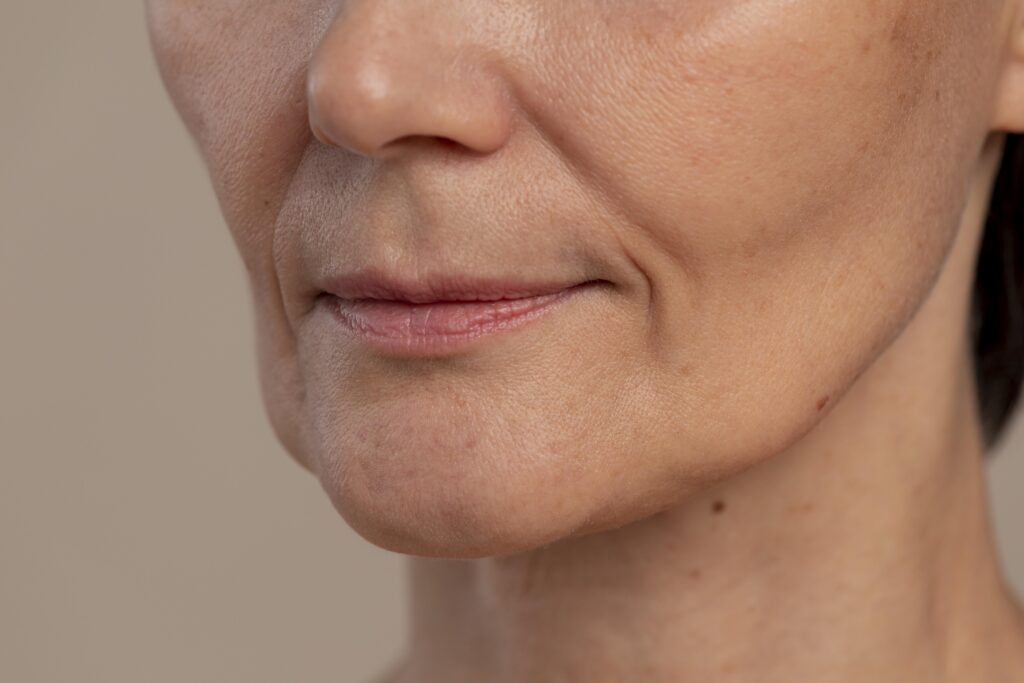 Hollow cheeks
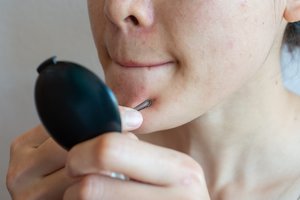 Slapti aknės sukėlėjai: gydytoja pasakė, kada reikalingi kraujo tyrimai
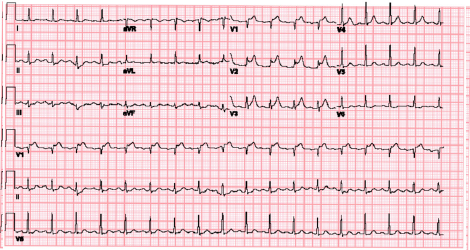 Figure 2: The patient’s repeat ECG demonstrated ST elevation in V1–V3 with reciprocal ST depression in II and aVF.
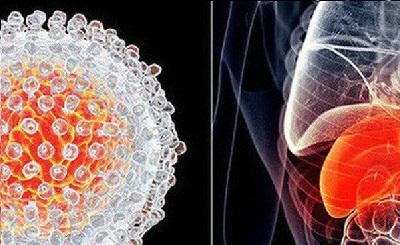 5 dấu hiệu dễ nhận biết của bệnh ung thư gan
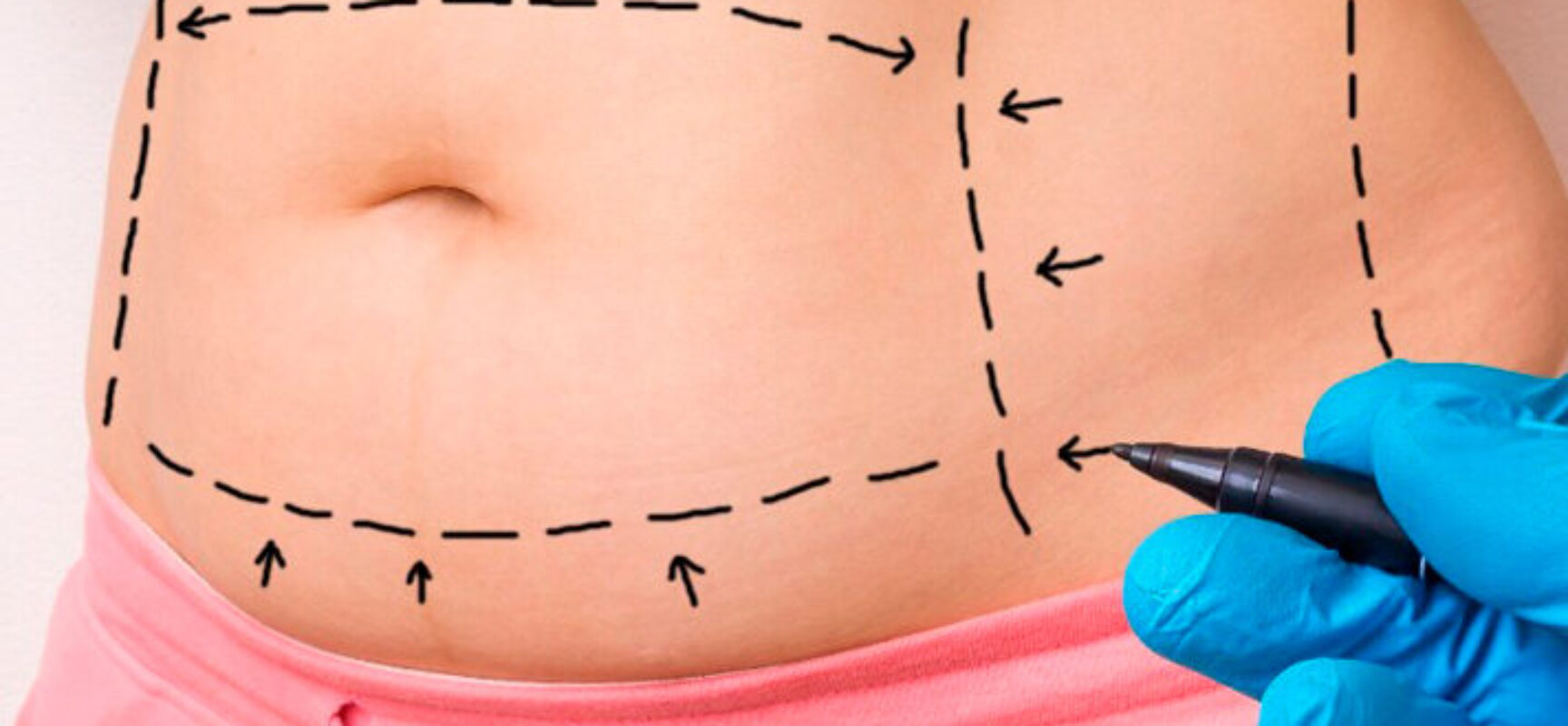 Proposição de Ederjunior que assegura às mulheres o direito de estarem acompanhadas, nas consultas e exames relacionados à sua saúde, agora é lei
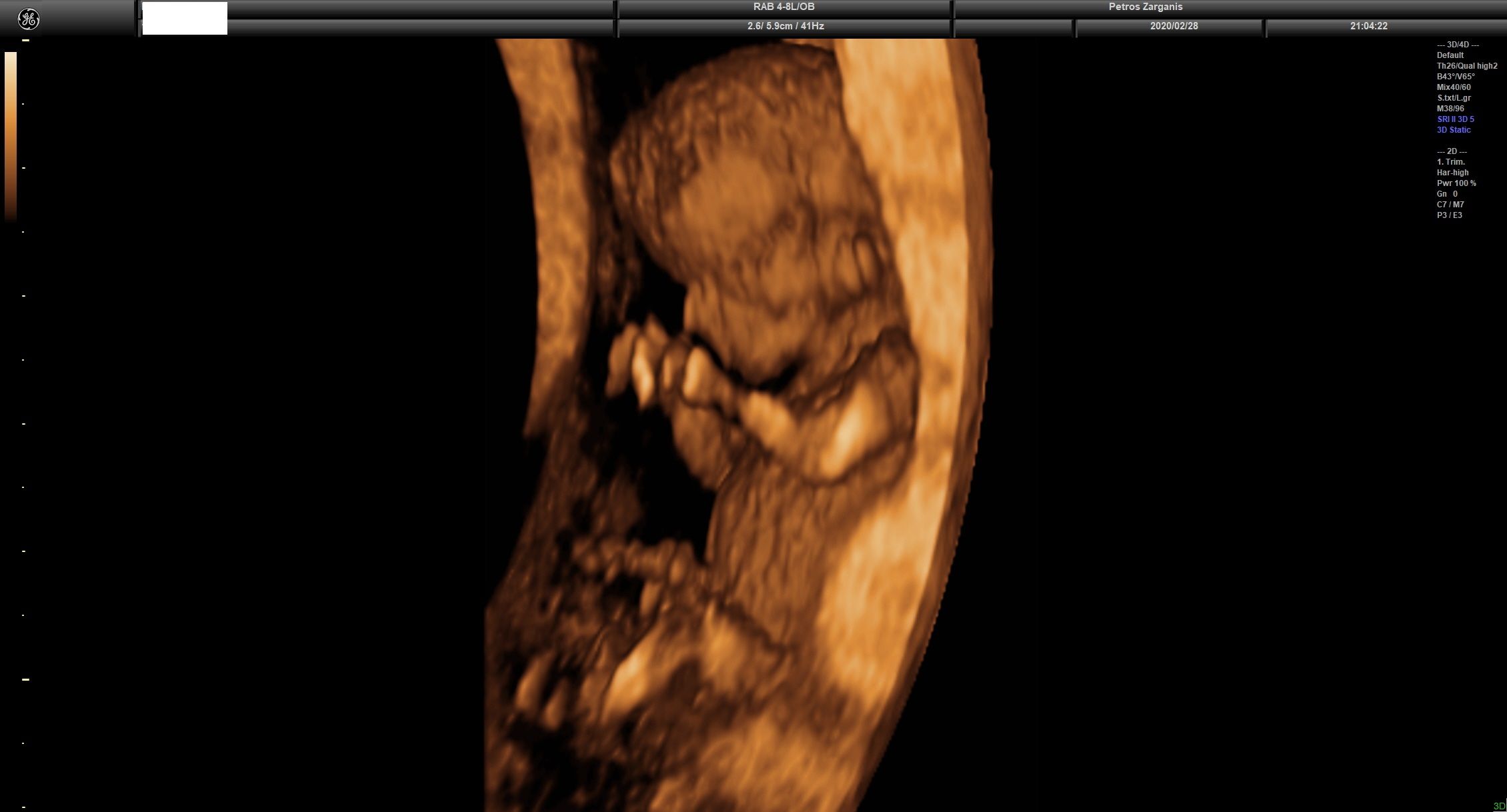 Εμβρυο 11 εβδομάδων +2 ημερών τρισδιάστατη απεικόνιση , σε εγκυμοσύνη με κολπική αιμόρροια και ευχάριστη εξέλιξη [1]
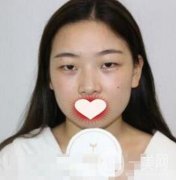 西南医院整形美容外科价格表，附双眼皮手术果一览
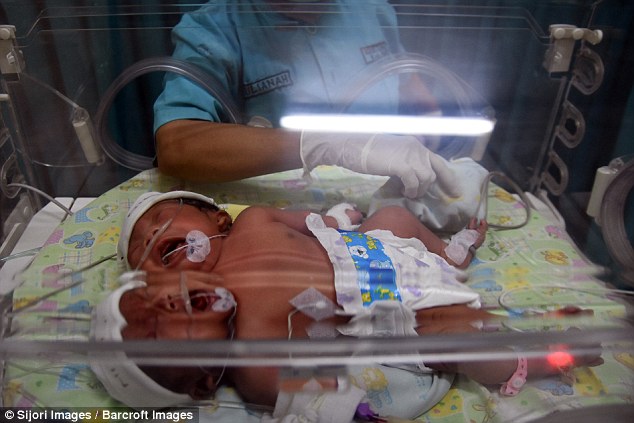 Μωρό με δύο κεφάλια γεννήθηκε στην Ινδονησία - Εικόνα 6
━━━━━━━━
Reproduce every entry exactly; images stay out.

 Hollow cheeks
 Slapti aknės sukėlėjai: gydytoja pasakė, kada reikalingi kraujo tyrimai
 Figure 2: The patient’s repeat ECG demonstrated ST elevation in V1–V3 with reciprocal ST depression in II and aVF.
 5 dấu hiệu dễ nhận biết của bệnh ung thư gan
 Proposição de Ederjunior que assegura às mulheres o direito de estarem acompanhadas, nas consultas e exames relacionados à sua saúde, agora é lei
 Εμβρυο 11 εβδομάδων +2 ημερών τρισδιάστατη απεικόνιση , σε εγκυμοσύνη με κολπική αιμόρροια και ευχάριστη εξέλιξη [1]
 西南医院整形美容外科价格表，附双眼皮手术果一览
 Μωρό με δύο κεφάλια γεννήθηκε στην Ινδονησία - Εικόνα 6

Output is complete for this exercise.